<<<<

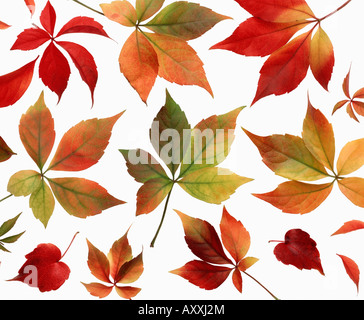 Virginia creeper, Virginie, vierge, Parthenocissus quinquefolia, rouge, Parthenocissus Parthenocissus quinquefolia, Banque D'Images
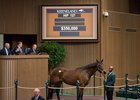 Majestic Quality sells for $350,000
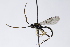  ( - CollHH3971)  @11 [ ] Creative Commons  Attribution Non-Commercial Share-Alike (2023) Hakon Haraldseide Unspecified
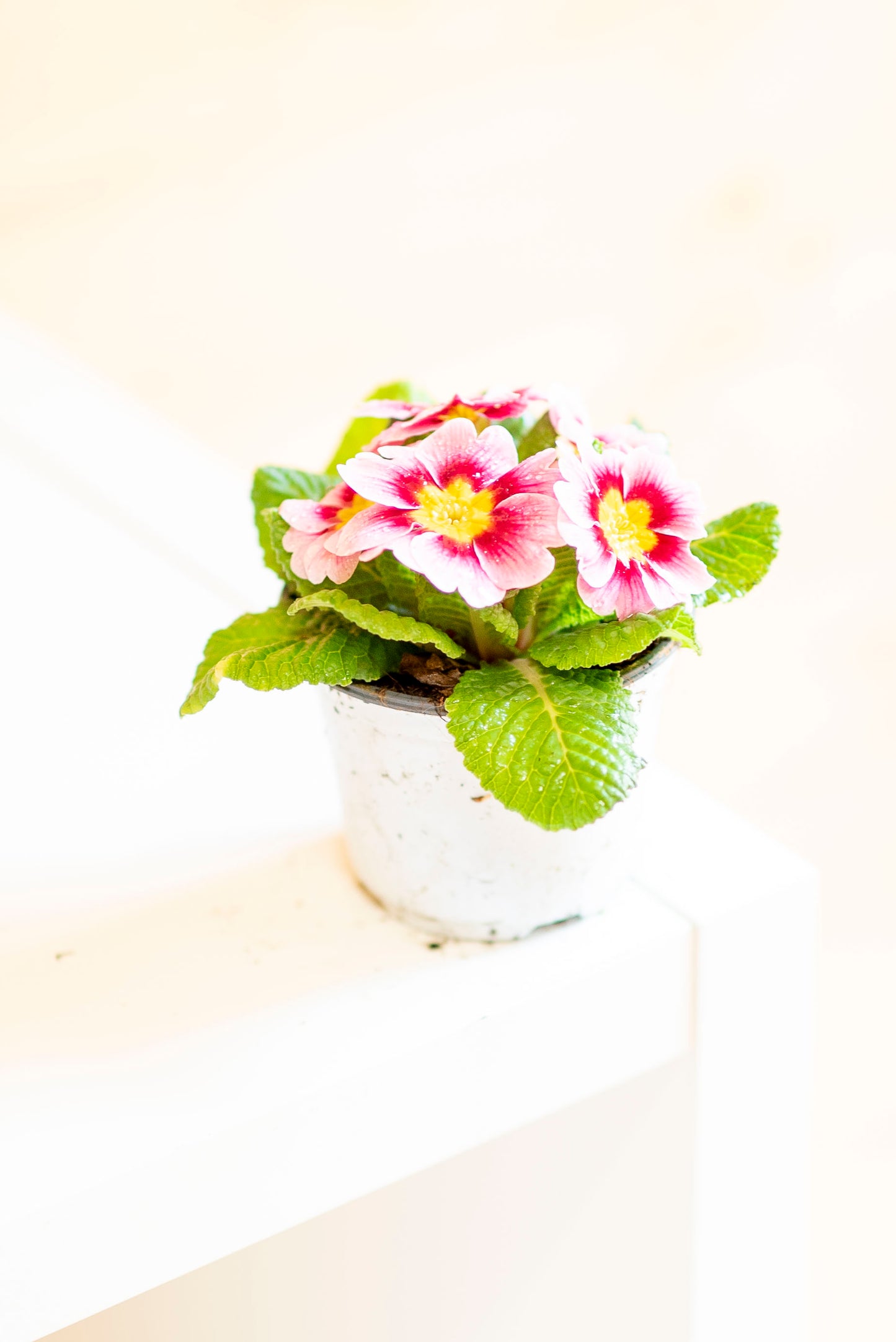 Primula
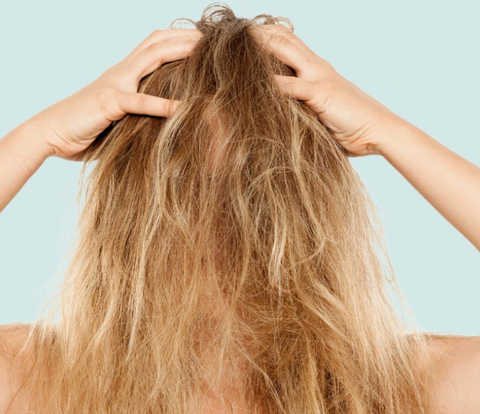Detangling Service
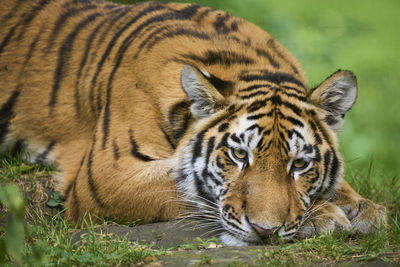 Close-up of tiger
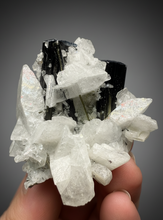 Load image into Gallery viewer, Blue Cap on Dark Green Stak Nala Tourmaline on Cleavelandite on Matrix – Haramosh Mountains, Pakistan
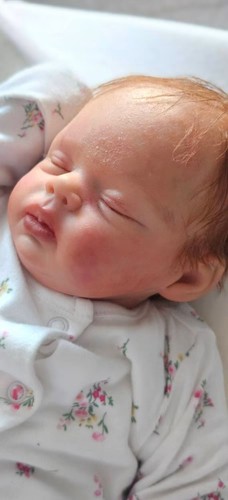 Cuddle baby jazmin bonnie - baby,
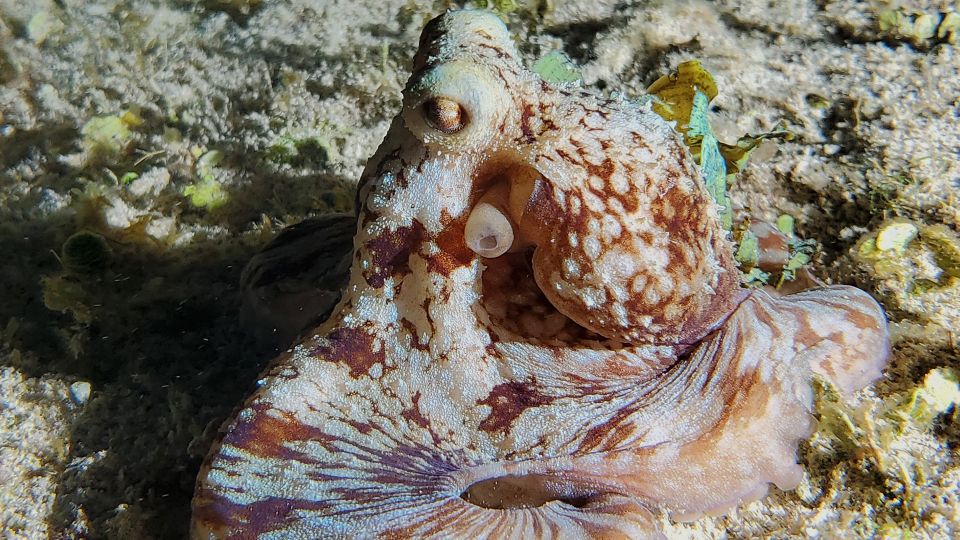 Cozumel: Night Time Snorker Session - Key Points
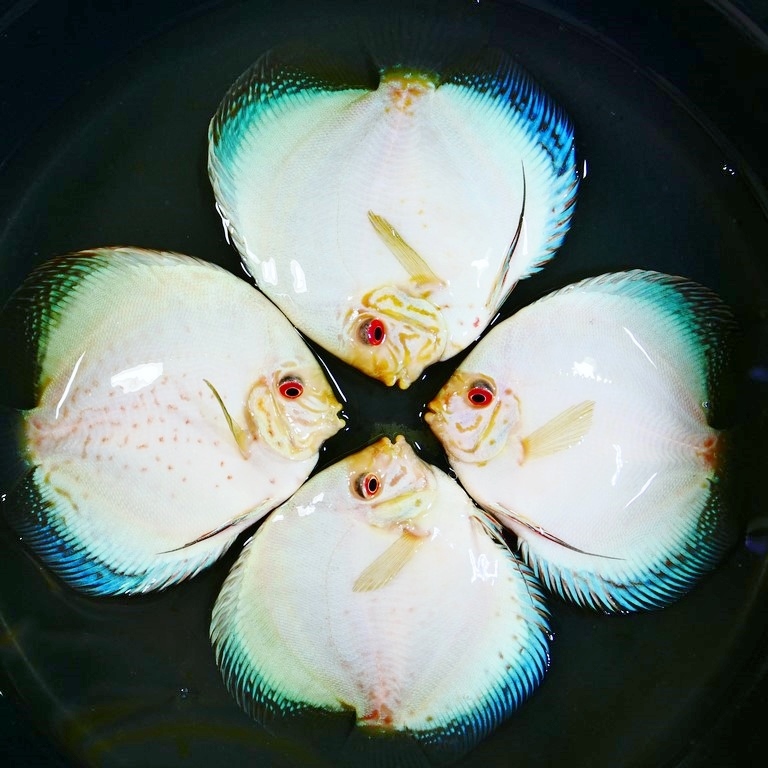 White Butterfly Discus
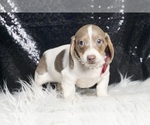 Small #6 Dachshund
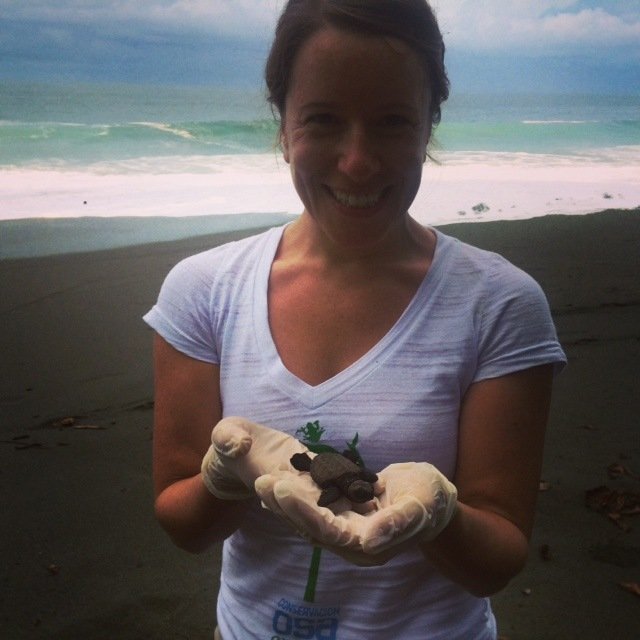 woman holding a baby turtle standing on the beach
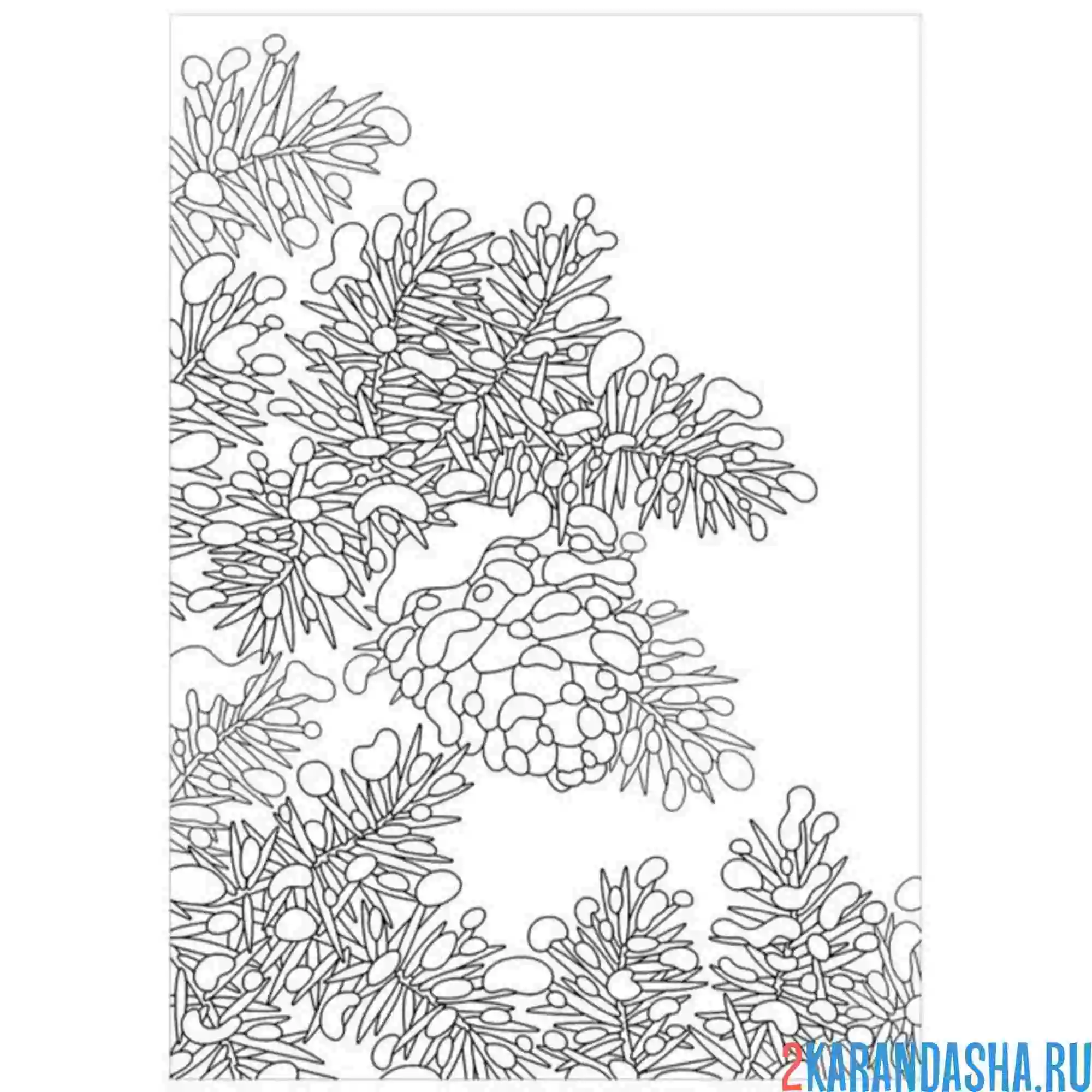 Раскраска елка в снегу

>>>>

Your answer should hold only the lines from the one with "Detangling Service" through the final line of the listing above, transcribed exactly and without pictures.

Detangling Service
 Close-up of tiger
 Load image into Gallery viewer, Blue Cap on Dark Green Stak Nala Tourmaline on Cleavelandite on Matrix – Haramosh Mountains, Pakistan
 Cuddle baby jazmin bonnie - baby,
 Cozumel: Night Time Snorker Session - Key Points
 White Butterfly Discus
 Small #6 Dachshund
 woman holding a baby turtle standing on the beach
 Раскраска елка в снегу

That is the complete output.